** Exercise material follows **
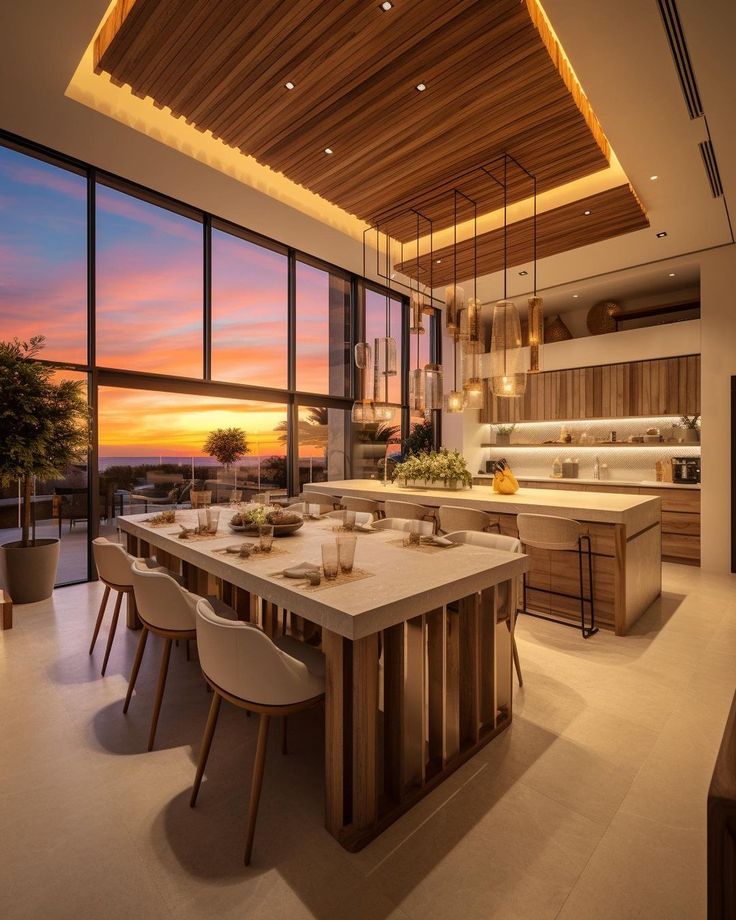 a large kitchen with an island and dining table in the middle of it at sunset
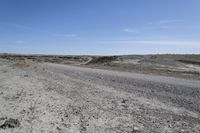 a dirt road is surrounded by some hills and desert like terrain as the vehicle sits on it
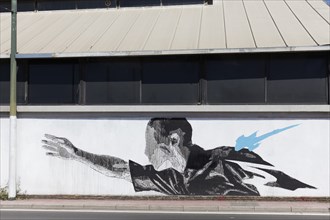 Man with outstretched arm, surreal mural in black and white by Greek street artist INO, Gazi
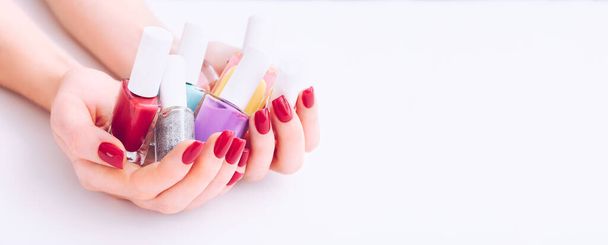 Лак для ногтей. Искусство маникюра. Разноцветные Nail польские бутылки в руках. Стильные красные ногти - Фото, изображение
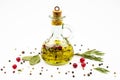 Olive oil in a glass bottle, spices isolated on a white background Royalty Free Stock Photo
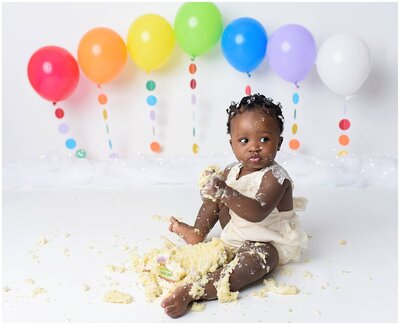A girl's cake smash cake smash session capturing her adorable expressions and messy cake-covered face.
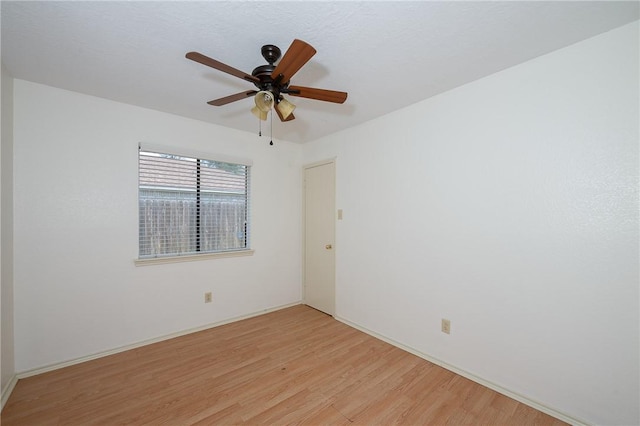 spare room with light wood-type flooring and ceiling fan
** End of Exercise material **
** Exercise material follows **
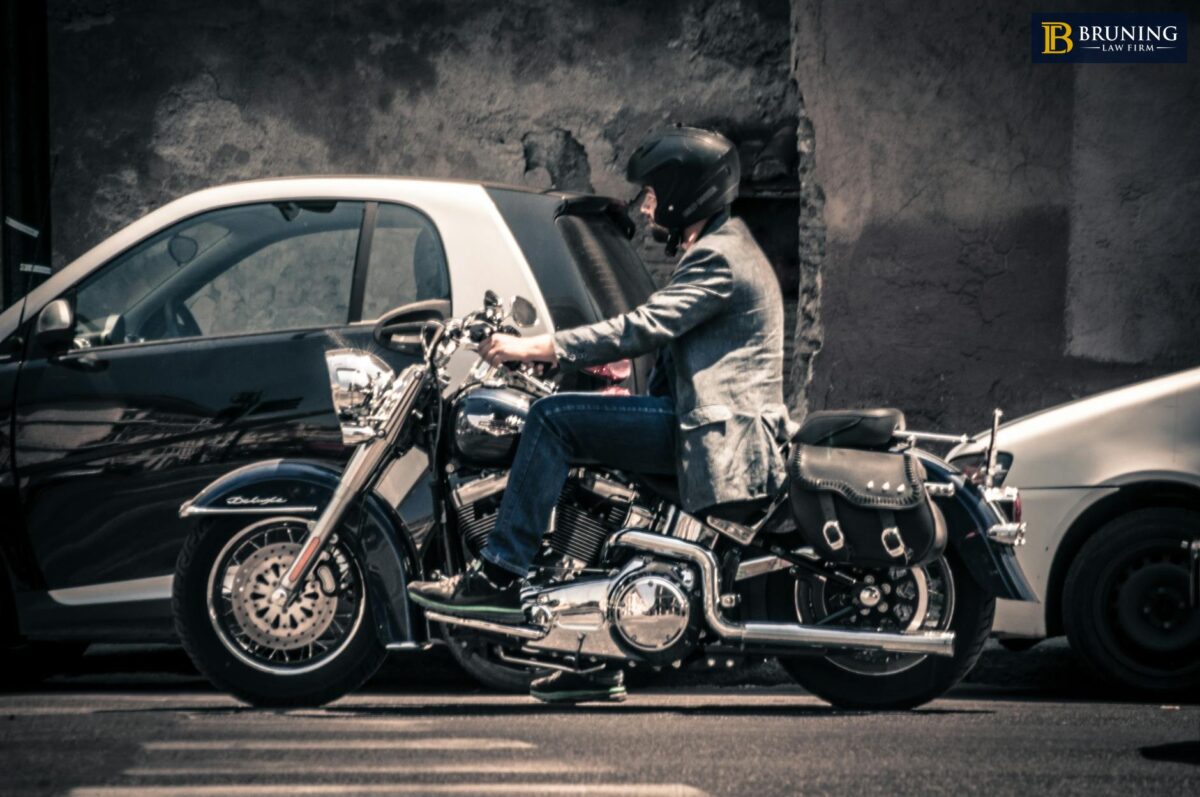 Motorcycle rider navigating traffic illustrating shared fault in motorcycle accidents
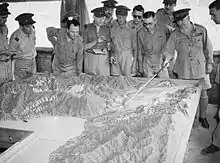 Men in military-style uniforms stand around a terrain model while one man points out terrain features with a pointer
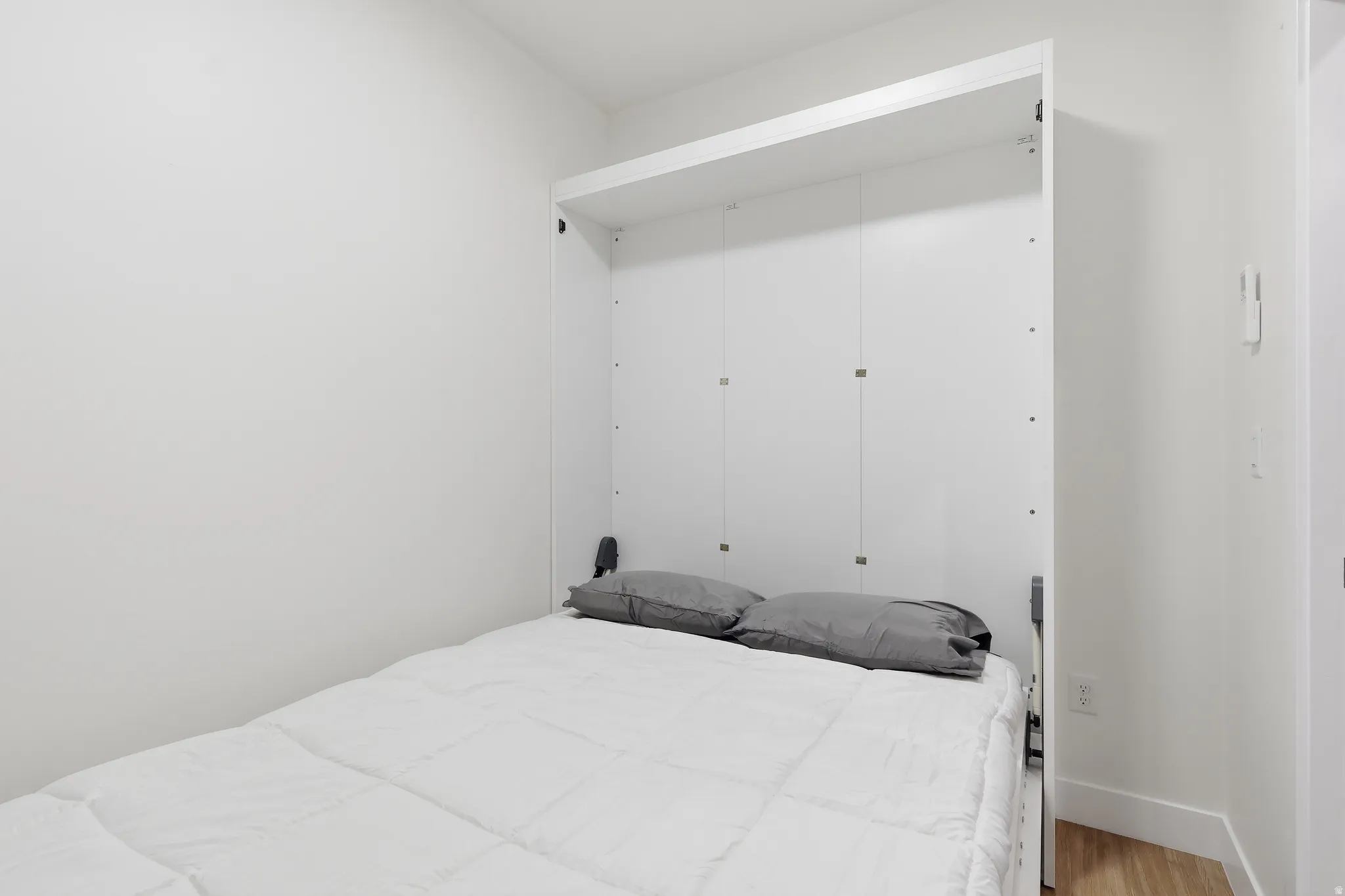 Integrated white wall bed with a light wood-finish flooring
** End of Exercise material **
** Exercise material follows **
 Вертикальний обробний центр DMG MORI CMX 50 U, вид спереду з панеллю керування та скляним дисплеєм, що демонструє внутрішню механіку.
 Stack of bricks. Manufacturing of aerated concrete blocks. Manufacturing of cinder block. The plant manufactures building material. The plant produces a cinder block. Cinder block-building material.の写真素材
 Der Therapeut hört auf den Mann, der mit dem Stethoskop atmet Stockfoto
** End of Exercise material **
A word-for-word reproduction is needed of the lines above from the line containing "Motorcycle rider navigating" through the line containing "Men in military-style", with both ends kept and no pictures.

Solution for this task -
 Motorcycle rider navigating traffic illustrating shared fault in motorcycle accidents
 Men in military-style uniforms stand around a terrain model while one man points out terrain features with a pointer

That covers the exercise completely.